Inclusion Criteria:

1. Histologically confirmed epithelial, primary fallopian or primary peritoneal cancer.
Stages I-IV.

2. Patients with known germline BRCA1/2 mutations

3. Verified progression by either RECIST criteria and/or GCIG CA125 criteria after
previous first line chemotherapy or progression after later lines of cytotoxic
treatment.

4. Platinum resistance or partially platinum sensitive disease (Relapsed within six
months of prior first line/later lines of platinum-based therapy or relapsed within
six to twelve months of prior first line/later lines of platinum-based therapy)

5. Age ≥ 18 years.

6. Performance status 0-2.

7. Measurable disease by RECIST 1.1 or evaluable by CA125 GCIG criteria

8. Adequate bone marrow function, liver function, renal function and coagulation
parameters (within 7 days prior to randomization):

WBC ≥ 3.0 x 10^9/l or neutrophils (ANC) ≥ 1.5 x 10^9/l Platelet count ≥ 100 x 10^9/l
Hemoglobin ≥ 9.7 g/dl (6 mmol/L) Serum bilirubin ≤ 1.5 x ULN Serum transaminases ≤
2.5 x ULN Serum creatinine ≤ 1.5 x ULN

9. Written informed consent.

10. Tissue available for BRCAness analysis.

Exclusion Criteria:

1. Previous treatment with a PARP inhibitor.

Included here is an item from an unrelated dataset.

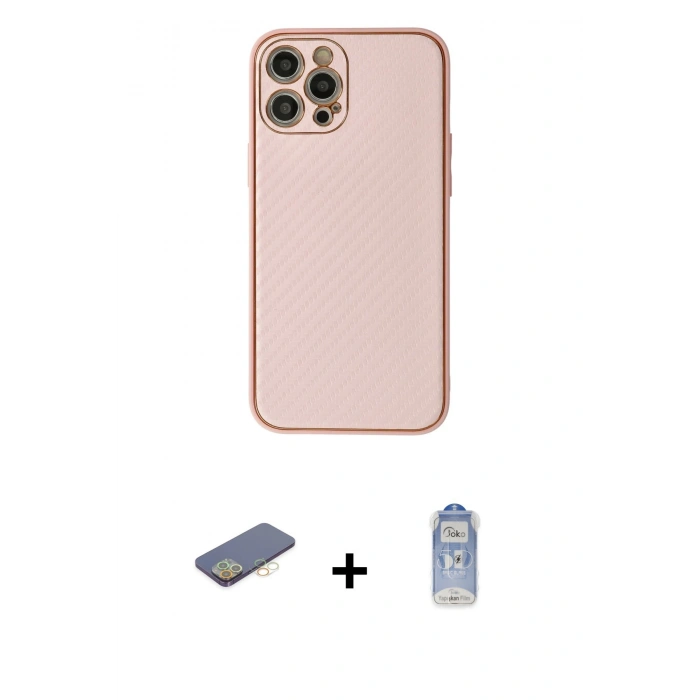 MARSİLYAN™- iPhone 12 Pro Max Kılıf Ahenk Işık - Siyah Joko Magic 5D Cam + Renkli Kamera Lens Koruma Cam - SI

2. Platinum-refractory disease (disease that progressed or was stable during prior
platinum therapy)

3. Patients who have received (or are planning to receive) treatment with any other
investigational regimen, or who have participated in another clinical trial within 28
days prior to entering this trial.

4. Pregnant or breast-feeding patients. For fertile women a negative pregnancy test at
screening is mandatory.

5. Fertile patients not willing to use acceptable and safe methods of contraception
during and for 6 months after treatment

6. Other present or previous malignancy except curatively treated cervical cancer stage
I, non-melanotic skin cancer or other cancer with minimal risk of relapse.

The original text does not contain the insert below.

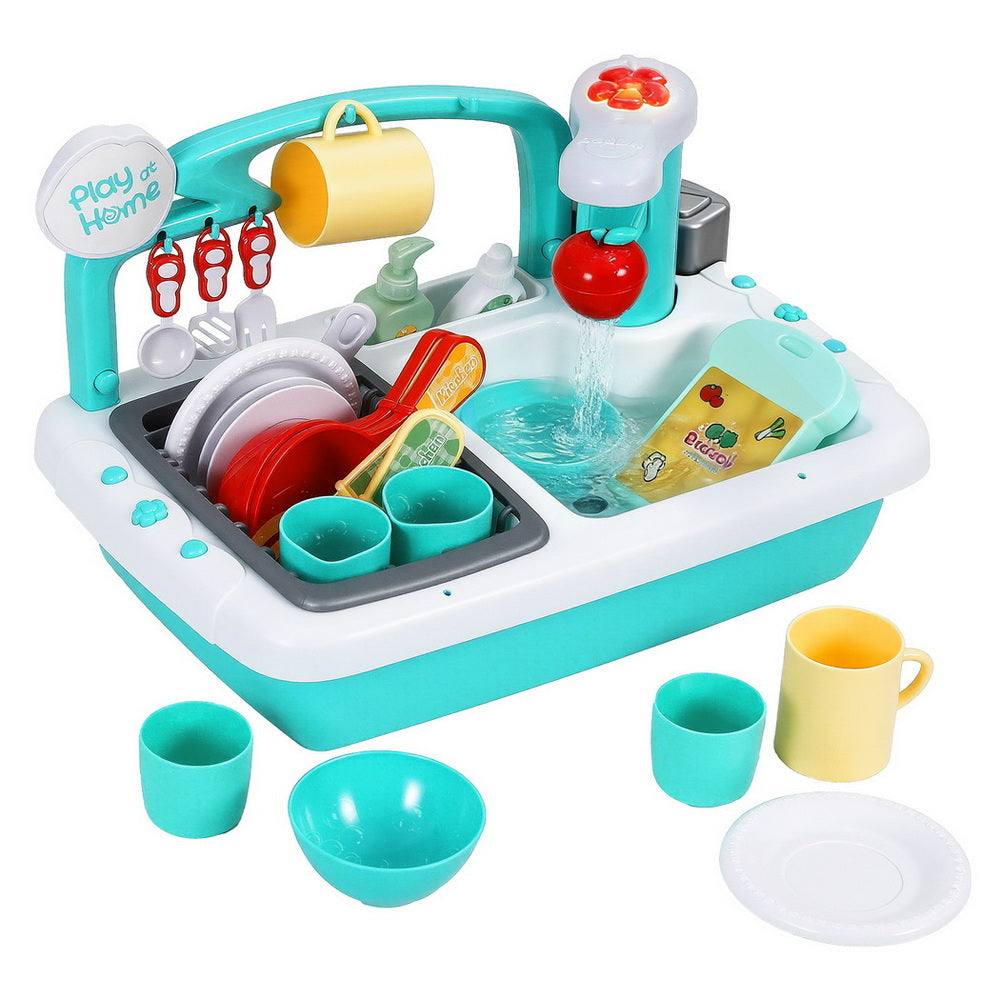 Keezi Pretend Kitchen Sink & Dishwasher — Green — product image 2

Curatively treated prior breast cancer is allowed if no relapse is suspected at time
of inclusion.

7. CNS metastasis.

8. History of any chronic medical or psychiatric condition or laboratory abnormality
that is not medically controlled or in the opinion of the Investigator may increase
the risks associated with study drug administration. (e.g. diabetes, cardiac
diseases, hypertension, renal or liver disease).

9. Allergy to the ingredients of the study medication.